A couple of weeks after I mentioned to Jerome that I thought he might be a figment of my imagination, he vanished. Gunship Nutmeg appeared on eBay and was sold, within days, without the purchaser even asking for a viewing. Probably the only way that a thirty-year-old boat sounding like a coal scuttle on spin cycle, could have been sold for 14.5K.
Back when we were in Bath, Jerome once told me he’d read that the average Continuous Cruiser lasts for less than eighteen months. He didn’t realise then that he was foretelling his own fate. To be fair, Jerome seemed unperturbed at the prospect of another Winter of ash-pan-emptying and frozen Elsans. The literary parallel to explain his departure is more “Mills and Boon” than “One Day in the Life of Ivan Denisovich”.

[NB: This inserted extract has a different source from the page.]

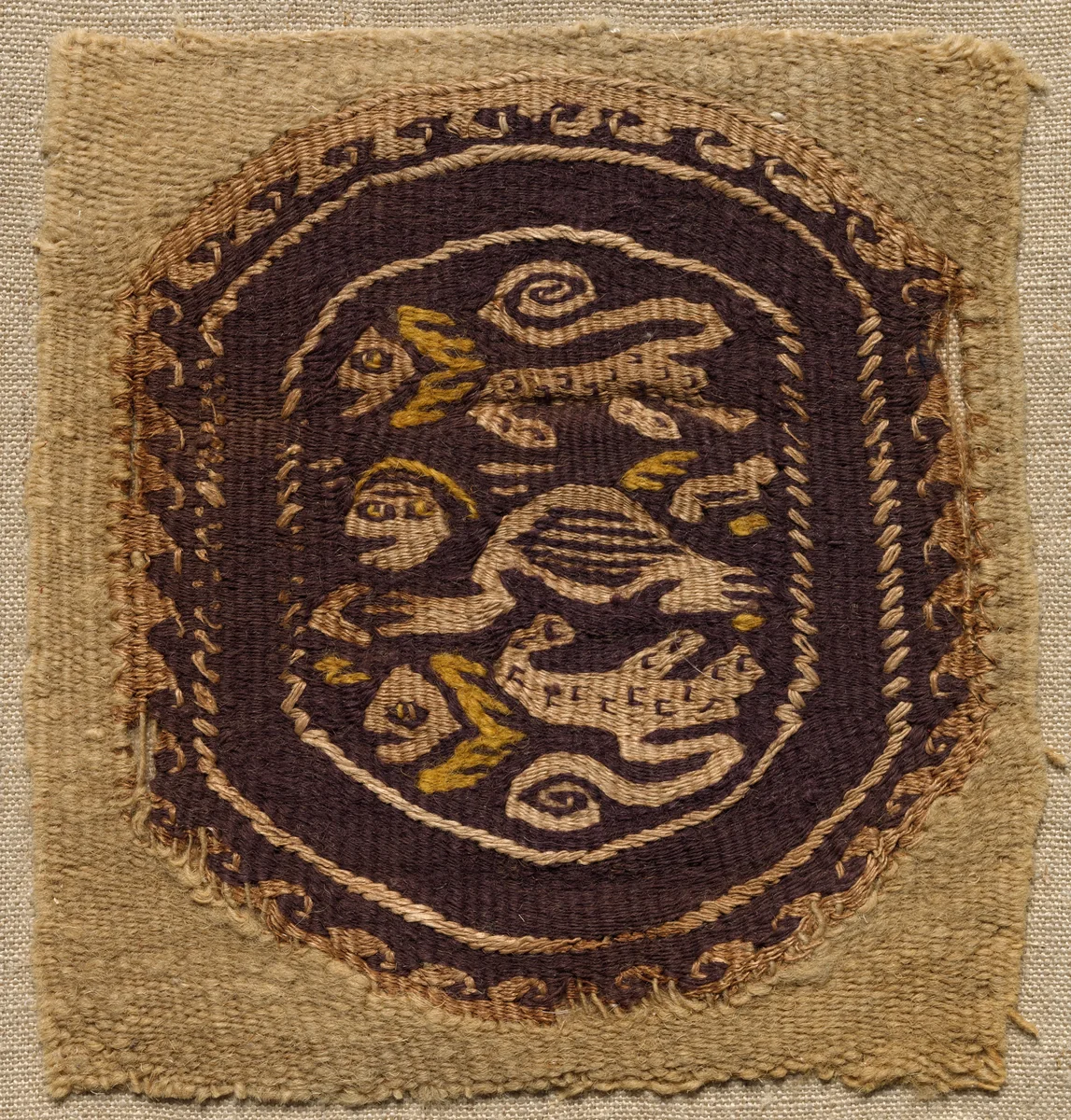 Fragment, with a Segmentum, from a Tunic by Unknown, textile, 400-699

An old flame reappeared in his life and, in two warbles of a didgeridoo, Curvie was whisked away, in her travel-basket, to the London flat of his new squeeze. I doubt that any Barbara Cartland novel ever included the appearance of a mouse in the bed but the genre could do with a refresh.

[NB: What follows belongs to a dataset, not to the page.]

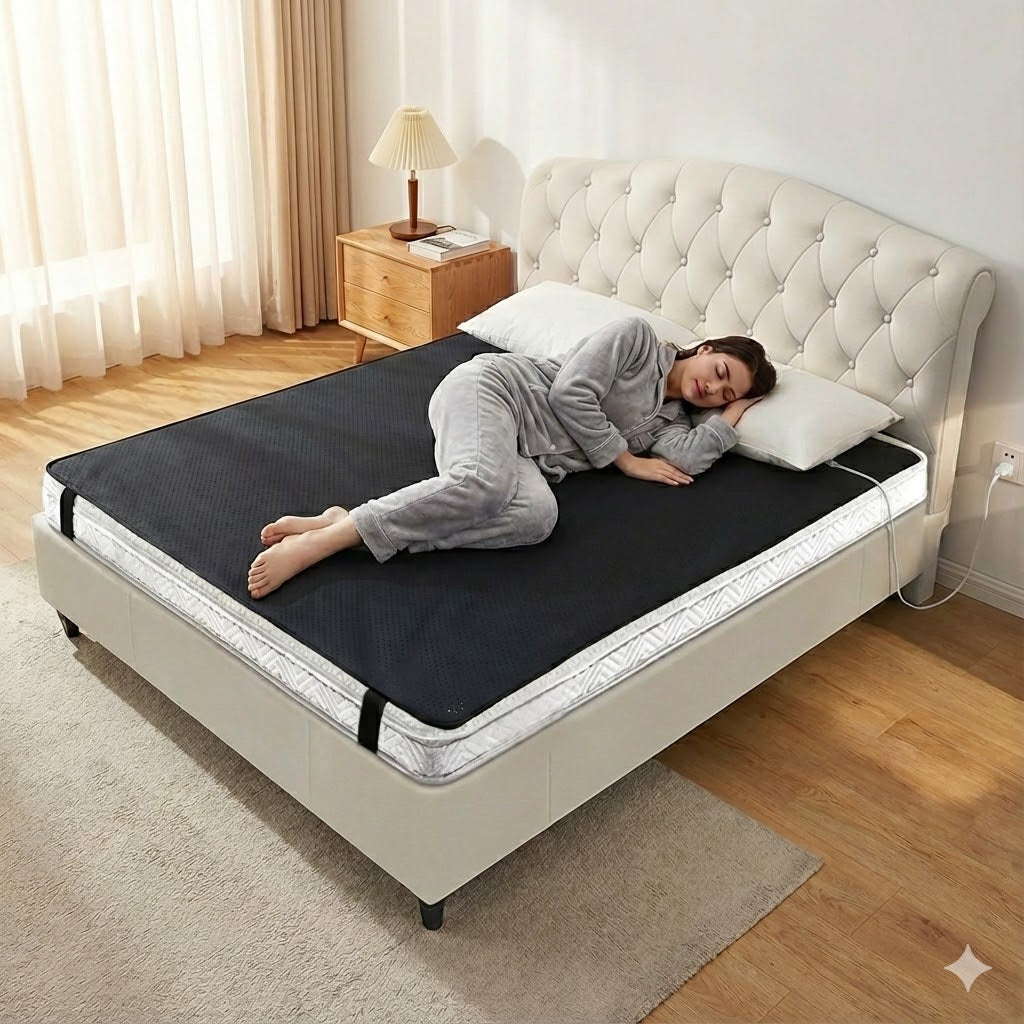 Tappetino per il Sonno di Messa a Terra - Qualità del Sonno Migliorata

So, no longer will a cheery visage appear at my bows of an evening, trying to cadge a beer, clothes-pegs, coal, or kindling. A new Jerome-free-phase of my journey has begun. I’ll miss him of course, but he is already talking about paying a visit, so this blog may not have seen the last of him.
The new era began with a passage through the Braunston Tunnel. I was in there for three quarters of an hour, progressing at a steady 1.5mph. Three minutes in to it, my headlamp started flickering, and threatened to die completely. Thankfully, the Blue-Tack with which I’d secured the bulb in place must have melted sufficiently for the circuit to be restored. Passing a boat coming in the opposite direction is a rather surreal experience.
Shortly afterwards, I shared seven locks with a gent of a military bearing called Steve. With his generous moustache, bullet-shaped head, and steely gaze, he would be a shoe-in for the role of Lord Cardigan in a remake of “The Charge of the Light Brigade”. Not a man to whom, on the eve of battle, you’d want to say “I’ve a bit of an iffy tummy, mind if I sit this one out?”.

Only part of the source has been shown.